E. Jean Carroll a souffert longtemps après l’agression, selon une psychologue
Mercredi, Leslie Lebowitz, une psychologue clinicienne et spécialiste des traumatismes a également été entendue, répondant aux questions après 20 heures d’entretien avec E. Jean Carroll, confirmant que l’autrice états-unienne avait souffert longtemps après l’agression.
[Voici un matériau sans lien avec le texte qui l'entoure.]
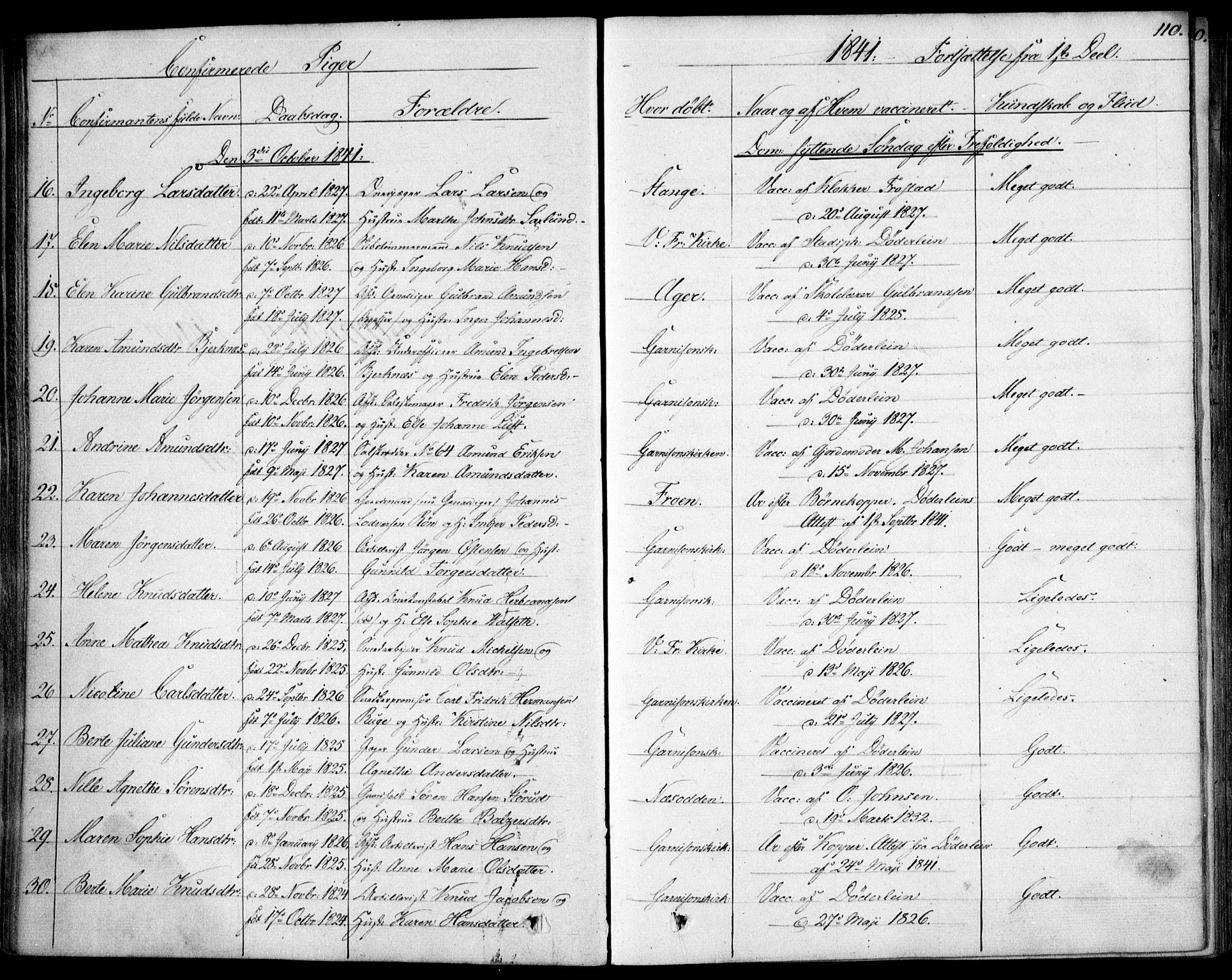 Garnisonsmenigheten Kirkebøker, SAO/A-10846/F/Fa/L0007: Parish register (official) no. 7, 1828-1881, p. 110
Après avoir expliqué les mécanismes de fonctionnement du cerveau d’une personne qui vient de subir un traumatisme, elle a été questionnée sur les raisons pour lesquelles Carroll avait refusé d’utiliser les mots « viol » ou « victime », et quel impact l’agression avait eu sur sa vie. « Elle avait l’impression d’être stupide » a répondu la psychologue, « elle a eu l’impression de valoir moins qu’auparavant ».
S’appuyant sur un vieux cliché sexiste et misogyne, Chad Seigel, l’un des avocats de Trump, a demandé à Leslie Lebowitz si E. Jean Carroll avait pu « présenter ses symptômes » d’une manière qui profiterait à son cas. « Je ne crois pas qu’elle ait fait ça », a répondu la psychologue.
De son côté, Donald Trump n’envisage pas faire venir de témoins complémentaires pour réfuter le récit de Carroll. Le jury devrait pouvoir se réunir dans le courant de la semaine prochaine pour un délibéré.